We’re not looking for the most beautiful word in the world. We’re not looking for the funniest word in the world. We’re looking for the cutest word, and that’s going to require an entirely different set of criteria.
What makes something cute, though? “Cute” is pleasing, much like “beautiful” and “funny.” But “cute” isn’t a joke (not really), and it’s not necessarily awe-inspiring in the way that “beautiful” is.
The dictionary defines “cute” as “attractive, especially in a dainty way“; “affectedly or mincingly pretty or clever; precious.” So cute is…mini, fun-sized beauty? Something you want to smoosh in a fit of cute aggression to make it even smaller? Or are cute things cute because they remind us of small things, namely children, small animals and babies?

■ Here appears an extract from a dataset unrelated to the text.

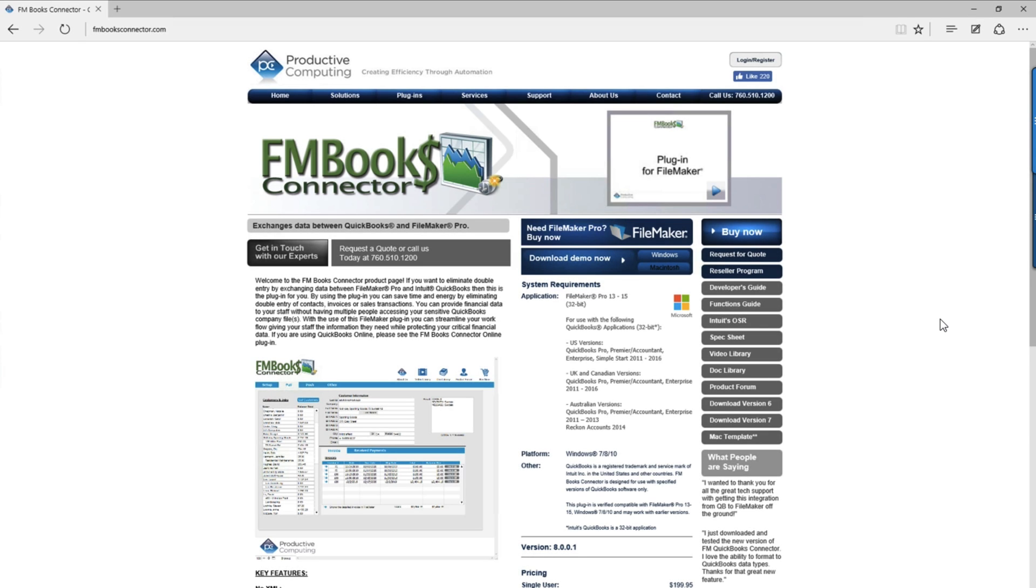Hello, in this video we're going to review how to download and install the FM Books Connector plugin.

Without overthinking it too much, here are examples of the kinds of words various people on the internet came up with when asked to identify the cutest word in the world (or the English language, at least):
Right away, we can already see that the words that sound cute to us are words we associate with actual cute things, especially children. This is not a phenomenon without precedent, either. Many linguists believe we can’t separate our reaction to a word from its meaning. And in this case, words like “tummy” and “mommy” are inherently made cuter because kids use them a lot (or is it more that we use them to talk to kids?).
If you look closer, you might be able to identify a certain lexical pattern to these words. In English, -y endings can sometimes “cuten” a pre-existing word, or make them sound more endearing. You see this with nicknames a lot: Bill versus Billy, Susan versus Suzie, etc.

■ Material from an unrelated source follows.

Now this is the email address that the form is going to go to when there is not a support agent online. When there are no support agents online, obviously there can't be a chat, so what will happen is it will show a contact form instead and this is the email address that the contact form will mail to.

Grammatically speaking, this is what’s known as a “diminutive” form of a word. Diminutives imply that the thing you’re referring to is small, precious, cute and/or familiar. Think: “doggie,” “cutie,” etc. This is hardly the only form diminutives come in, but it’s a common example. Some diminutives, though they still connote a sense of familiarity, are mostly used to shorten long, cumbersome words. So a “delicatessen” becomes a “deli,” or, if you’re Australian, a “barbecue” becomes a “barbie.”
Other languages have their own version of diminutive forms, too. In French, you can add an -ette suffix to certain words to connote their daintiness. Germans use the suffix -chen, and Mandarin Chinese speakers use doubled-up words to create this effect (like, for instance, “cat-cat”). In Spanish, you can add the suffix -ito/-ita (or -illo/-illa) to convey a sense of warmth. And in Russian, you could add a -ka or even an -ochka to the end of certain words.

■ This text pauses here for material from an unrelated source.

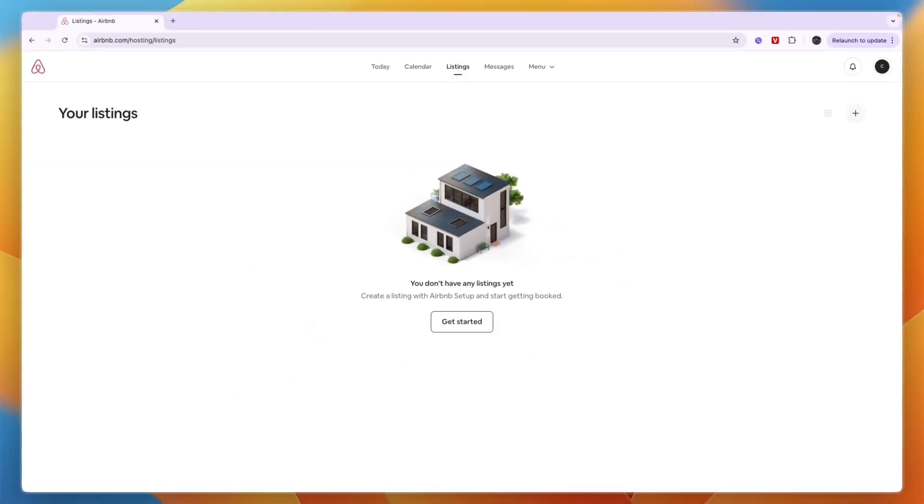So now you know how to delete an Airbnb listing. If this video was helpful, please consider leaving a like and subscribing to my channel. With that being said, I will see you in the next video.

There are a couple additional things we could take away from this. One is that, in certain languages at least, shortening words makes them cuter. In a way, this reflects the notion that small things are cute, and so cute words are small.
Another observation you could make is that adding a certain inflection to words makes them cuter (like any of the suffixes mentioned above). In almost all of the languages mentioned, diminutive forms lend a certain bounciness to the rhythm of the word. You can even see this in regular words people tend to think of as cute, like “bubble,” “snuggle,” “tinkle” and “giggle.” Is there something inherently cute about that “el” sound at the end? Or what about “jubilee” and “bumblebee,” which sound delightful all on their own?
Spoiler alert: there’s no way to definitively say for sure what the cutest word in the world is. But we can narrow it down to words that match the following criteria:
- It has a cute meaning or association
- It’s a diminutive
- It’s short (or, at least, dainty-sounding)
- It sounds bouncy or buoyant
And so, with all of that said and taken into account, may we suggest an option: pinky.